When looking at the big data report it’s pretty clear that the reception to big data is mixed in developed economies but laser focused in emerging economies such as Brazil and China as well as the traditional innovation powerhouse of the USA. This represents a significant threat to established continental European firms who appear to be unaware of the advantages being gained by their more technologically innovative peers.
This is why at Capgemini we’ve focused in the last five years on making big data usable to all organizations and helping those firms who are struggling to see the benefits to not only understand them but to realize them. This focus has been about the business value of big data within the business context. This approach is what has driven much of our big data work. In 2011 we talked about governing big data which was something that was identified as a gap in many other firms approach by Gartner last year and which we took even further with a recent announcement with Informatica.

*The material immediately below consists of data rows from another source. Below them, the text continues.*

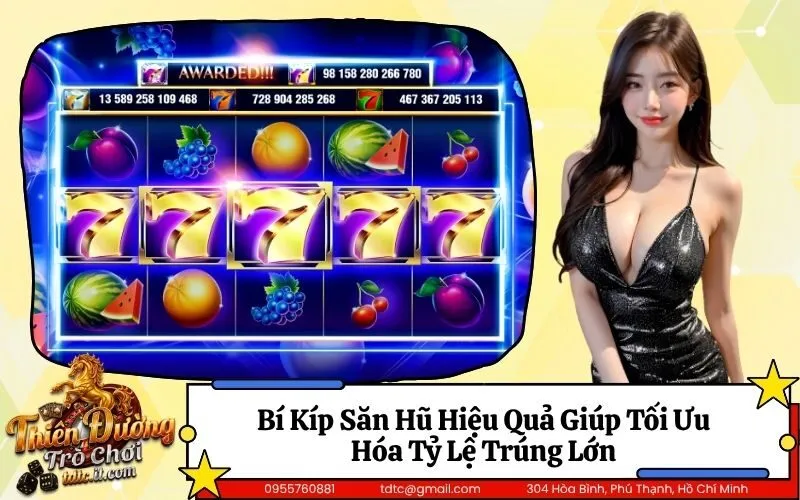 Bí Kíp Săn Hũ Hiệu Quả Giúp Tối Ưu Hóa Tỷ Lệ Trúng Lớn
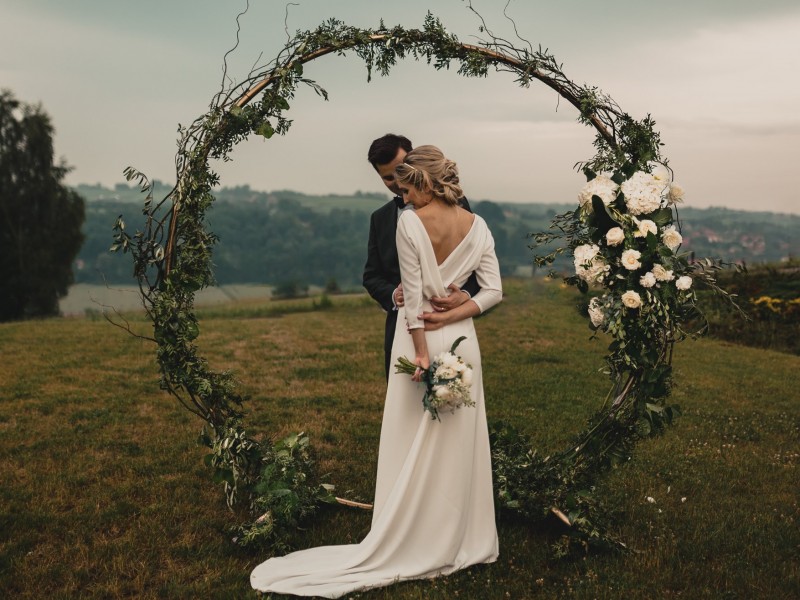 dobrowolski-weddings zdjęcie prezentacji gdzie wesele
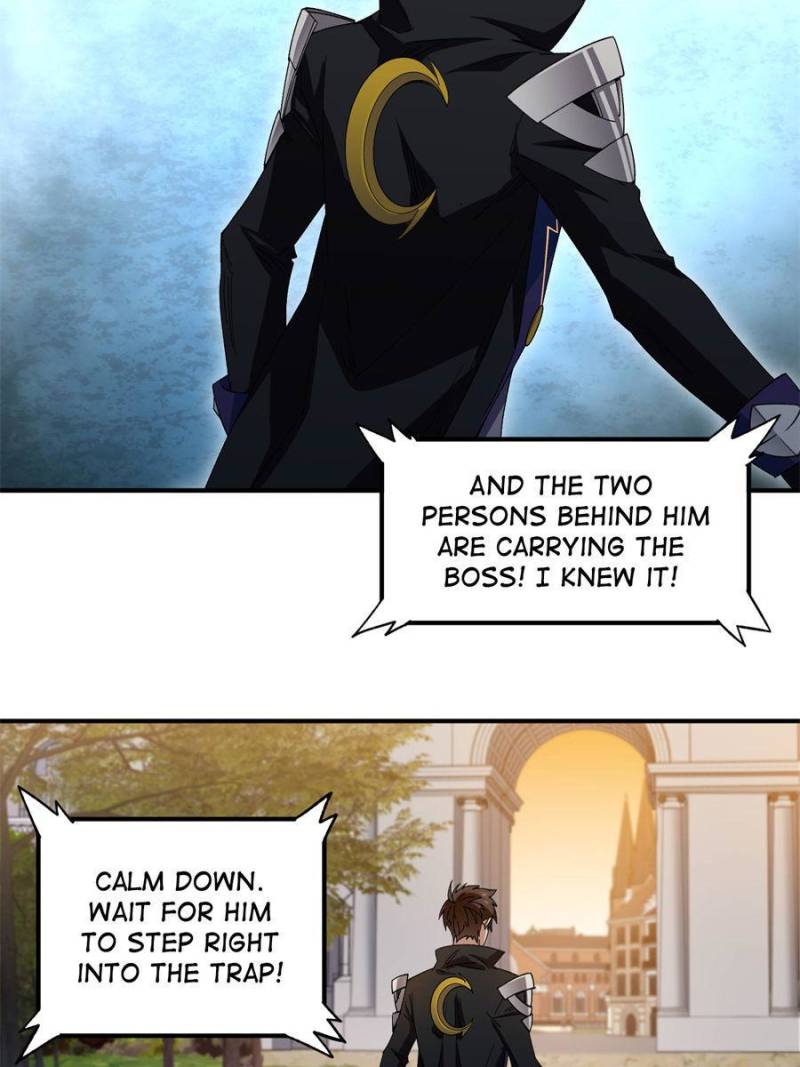 Virtual World: Close Combat Mage Chapter 337 - page 18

This focus on business value in the context of the business is also about understanding what can accelerate that value. That can range from understanding the impacts of Cybersecurity on analytics to handling larger datasets while reducing the costs of traditional EDW solutions. The point here is that for organizations to get business insights from big data they need to stop starting with technology. At Capgemini we were the first to announce strategic partnerships with both Cloudera and Pivotal, and have a history of working with AWS, Teradata, Oracle, IBM and others. We understand the technology but most importantly we understand how to align that technology to the business outcomes.
To get value from big data the companies who currently do not see the opportunity, while their competitors in higher growth economies are delivering those opportunities, need to focus away from the technology approach of the first wave and concentrate on the business value in the second wave of big data programs.
China, Brazil and the USA are delivering with big data, gaining competitive advantage with big data, so the question to the rest is simple: What business insights do they have, or do I need to compete in an insight driven economy?